How is the use of visitor data evolving?
I've been at MySpace about a year and a half. Before that I was at Disney, ESPN and ABC, and they do a fair amount of traffic as well. They are probably about half the size of MySpace, but they still do a tremendous amount of traffic especially through ESPN. So I do have sense of how things have changed over the years.
What is happening is a big shift in the amount of compute power available and what we can do with it. Having the compute power continue to grow over time is really what is allowing us to do more data analysis and get more value out of the data.
When I first started at Disney we were at probably 3TB total of data in the entire environment. When I left they were probably at about 30TB. Here at MySpace, I'm at one petabyte just in the warehouse and we have something in the order of 2.5 petabytes in production for data development — and that's just for user data. Those numbers will just continue to grow and grow.
So there has been a huge increase in data and computing power, but what about the analysis tools?
We've been working with Aster Data for a while and they have just released a number of analytic functions that allow us to do even more with the data. We've been working with them in terms of getting new functionality into the product, which is extending their SQL-MapReduce framework.

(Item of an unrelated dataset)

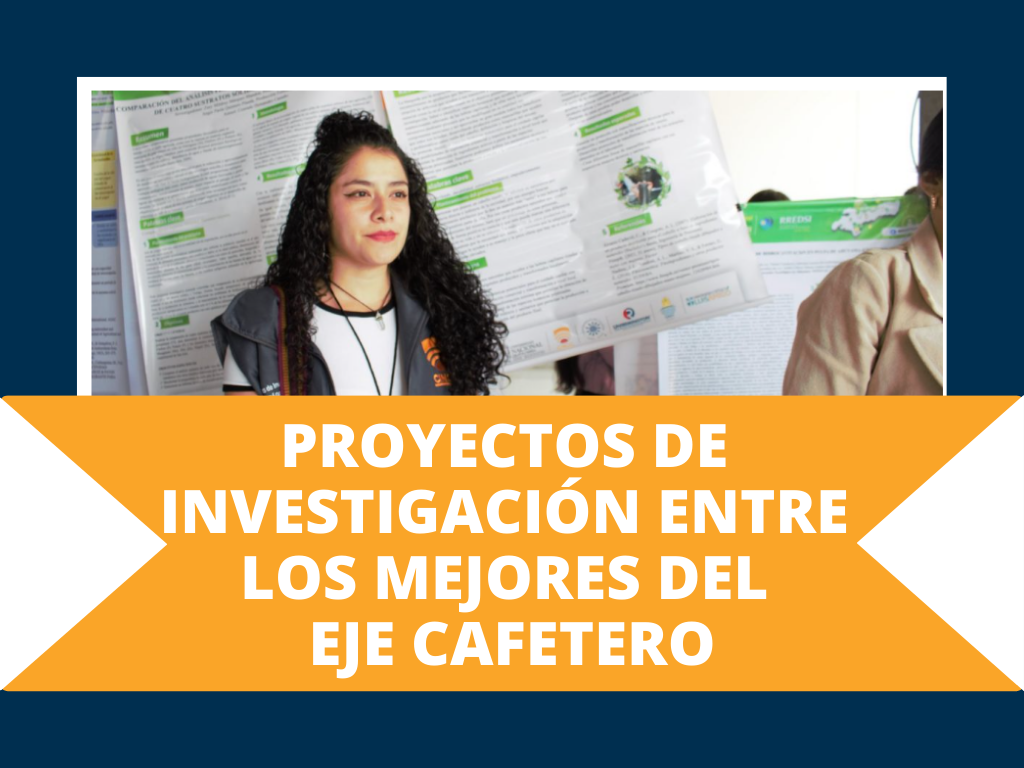 Pasantía, EDUCACIÓN SUPERIOR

Can you give an example of what these analytic functions allow you to do?
One of the easiest things to understand — but one of the most difficult problems to solve — is a user session. When a user comes on the site they may or may not be logged in, or have a cookie or a consistent IP address from one day to another. We have to try figure out who the user is over the course of the day, so that we can say how long a particular user has spent on the site. We literally look through billions of records a day to try and figure that out.

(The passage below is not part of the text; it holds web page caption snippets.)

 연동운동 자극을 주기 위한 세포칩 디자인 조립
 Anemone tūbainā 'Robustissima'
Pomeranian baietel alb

Part of the issue with that is it's always based on a single user. So most compute solutions would include doing an iterative process to look through those things. However, given that the data is in a database, most database operations are set-based. In other words, they are looking at large amounts of data all at once.
What SQL-MapReduce allows us to do is iterate over that set, in terms of trying to find the user information throughout that set. [This] then gives us the ability to do things such as discover how that user traversed the site in the same session. What categories of the site did they visit — were they part of the music pages or the blog pages or the video pages? — and then show that traversal.
Are the new analytic functions things you have worked on?
SQL-MapReduce has been around a long time. What is happening now is that Aster has come back and got third parties and internal folk from their teams either to build SQL-MapReduce functions or find ones that have been built by other teams, like those from within MySpace. [It has] then coalesced all of those into one package, so that everyone has the opportunity to use them.
What is the most important recent development in data analytics?
Data analytics used to be a very specialised field. It used to be something that you had to have a post-graduate degree to work on, or you had to have very specialised knowledge in a software package that only a few people knew about.
We now have the ability to bring in analysts who know SQL but don't necessarily understand in-depth analysis. Then we only need a few people who understand the specifics behind everything and how to group things together. So I see this as the new age in analysis. We no longer need specialised packages to do in-depth analysis of the data. That change is going to open up a lot of things.